Primary LanguagePythonApache License 2.0Apache-2.0

insights-results-aggregator-utils

Utilities for Insights Results Aggregator

GitHub Pages

Utilities for accessing REST API endpoints for selected services

These utilities are stored in api_access subdirectory.

aggregator/check_cluster_list_1.sh

Description

BASH script to retrieve results for multiple clusters (specified in URL) from the Insights Results Aggregator service.

Remark

It is needed to provide the correct value for variable ADDRESS that should points to running Insights Result Aggregator service instance.

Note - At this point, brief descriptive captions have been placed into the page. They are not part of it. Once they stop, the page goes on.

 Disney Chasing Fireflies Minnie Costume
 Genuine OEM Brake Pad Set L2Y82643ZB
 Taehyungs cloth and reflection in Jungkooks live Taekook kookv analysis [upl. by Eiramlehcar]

aggregator/check_cluster_list_2.sh

Description

BASH script to retrieve results for multiple clusters (specified in request payload) from the Insights Results Aggregator service.

Remark

It is needed to provide the correct value for variable ADDRESS that should points to running Insights Result Aggregator service instance.

smart_proxy/check_cluster_list_1.sh

Description

BASH script to retrieve results for multiple clusters (specified in URL) from the Smart Proxy service.

Remark

It is needed to provide the correct value for variable ADDRESS that should points to running Smart Proxy service instance.

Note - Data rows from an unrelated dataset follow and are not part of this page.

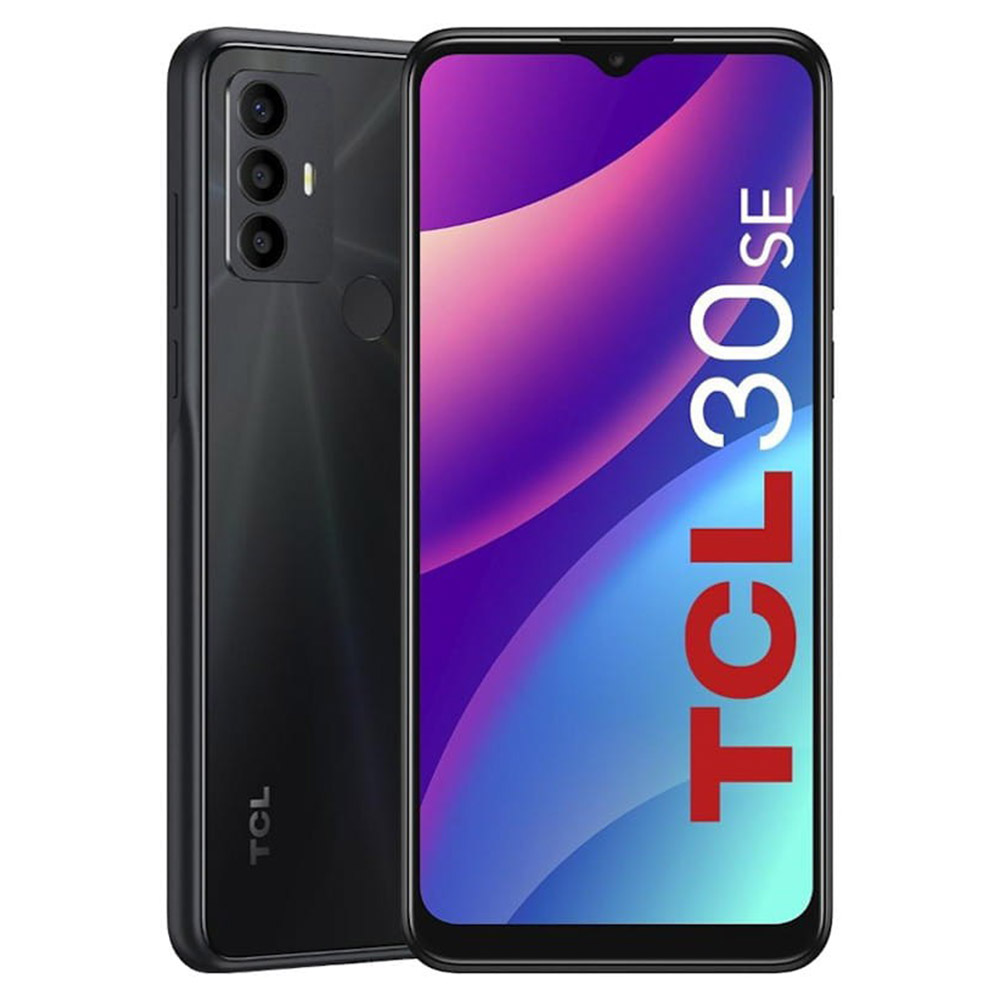 Smartphone TCL 30 SE 128GB LTE Dual SIM grey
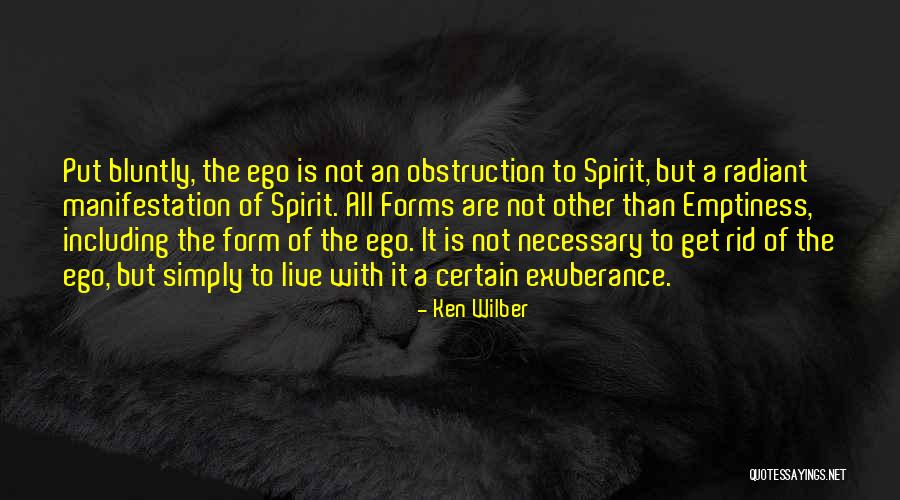 Beigbeder The Romantic Egoist Quotes By Ken Wilber Beigbeder The Romantic Egoist Quotes By Ken Wilber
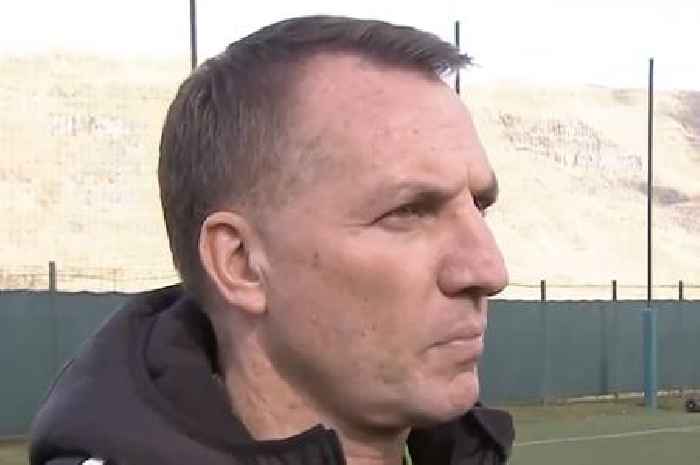 Brendan Rodgers shuts down Rangers excuse avenue as Celtic boss uses Liverpool example to prove 'it's all mental'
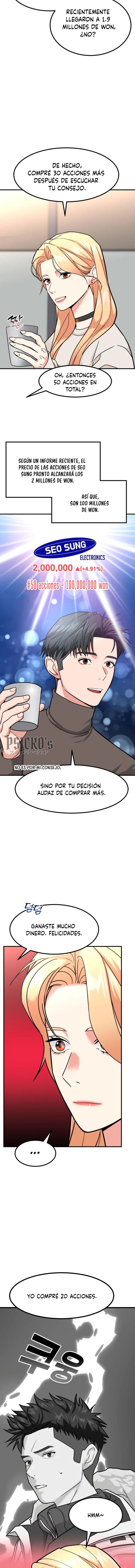 El inversionista que ve el futuro Capitulo 32 página 9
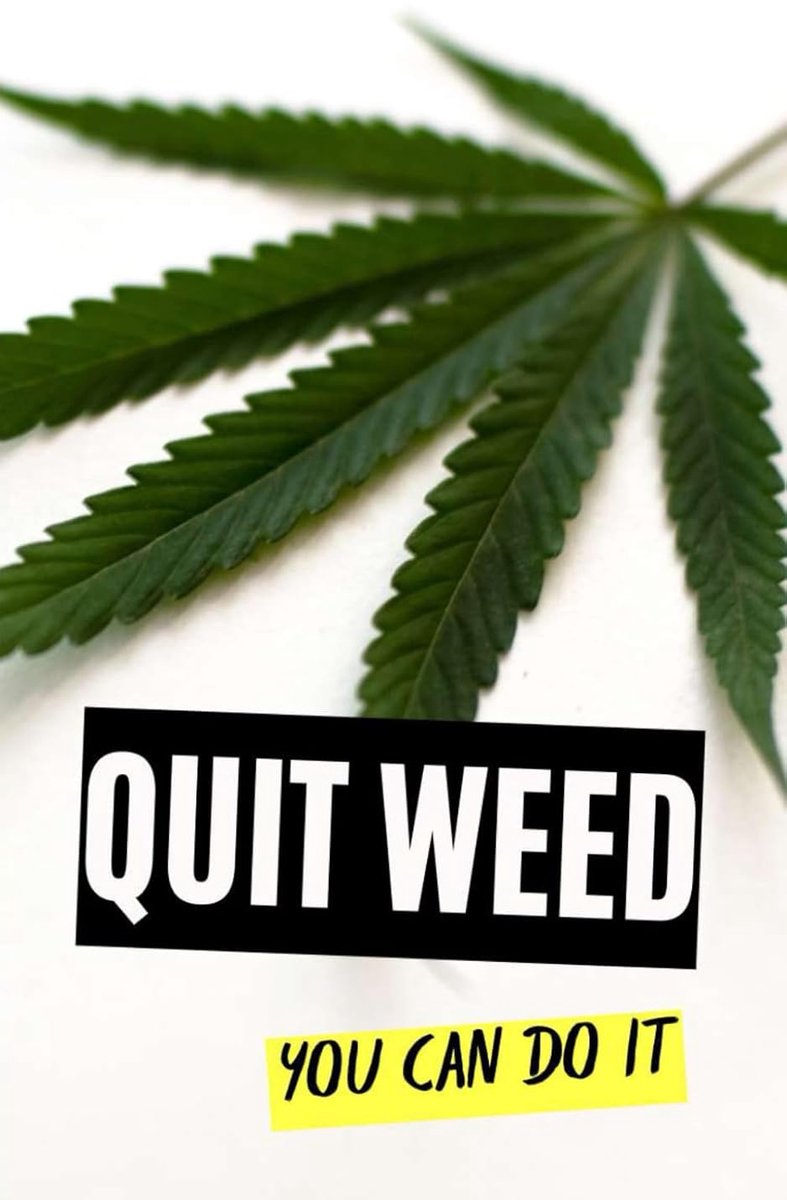 Weed : You Can Do It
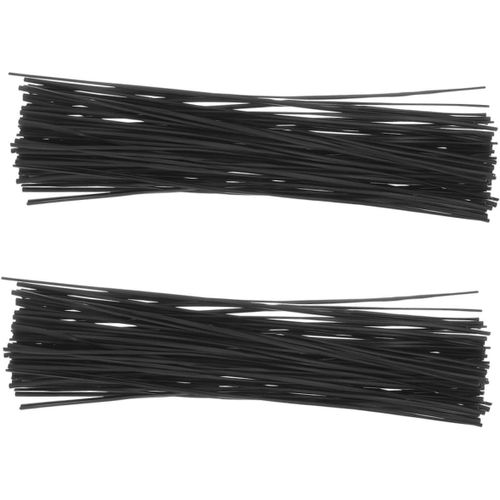 KAL-Organiseur De Cordons 1 000 Pièces Sangles De Support Pour Plantes Attaches De Jardin Accessoires De Jardinage Sangles De Fixation De Fil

smart_proxy/check_cluster_list_2.sh

Description

BASH script to retrieve results for multiple clusters (specified in request payload) from the Smart Proxy service.

Remark

It is needed to provide the correct value for variable ADDRESS that should points to running Smart Proxy service instance.


Utilities for handling messages to be consumed by aggregator

These utilities are stored in input subdirectory.

anonymize.py

Anonymize input data produced by OCP rules engine.

Description

All input files that ends with '.json' are read by this script and if they contain 'info' key, the value stored under this key is replaced by empty list, because these informations might contain sensitive data. Output file names are in format 's_number.json', ie. the original file name is not preserved as it also might contain sensitive data.

Generated documentation

Usage

python3 anonymize.py

2report.py

Converts outputs from OCP rule engine into proper reports.

Description

All input files that with filename 's_*.json' (usually anonymized outputs from OCP rule engine' are converted into proper 'report' that can be:

  1. Published into Kafka topic
  2. Stored directly into aggregator database

It is done by inserting organization ID, clusterName and lastChecked attributes and by rearanging output structure. Output files will have following names: 'r_*.json'.

Generated documentation

Usage

python3 2report.py

fill_in_results.sh

This script can be used to fill in the aggregator database in the selected pipeline with data taken from test clusters.

Description

The script performs several operations:

  1. Decompress input data generated by Insights operator and stored in Ceph/AWS bucket, update directory structure accordingly
  2. Run Insights OCP rules against all input data
  3. Anonymize OCP rules results
  4. Convert OCP rules results into a form compatible with aggregator. These results (JSONs) can be published into Kafka using produce.sh (several times if needed)

Generated documentation

Usage

./fill_in_results.sh archive.tar.bz org_id cluster_name

A real example

./fill_in_results.sh external-rules-archives-2020-03-31.tar 11789772 5d5892d3-1f74-4ccf-91af-548dfc9767aa

gen_broken_messages.py

This script read input message (that should be correct) and generates bunch of new messages.

Description

Each generated message is broken in some way so it is possible to use such messages to test how broken messages are handled on aggregator (ie. consumer) side.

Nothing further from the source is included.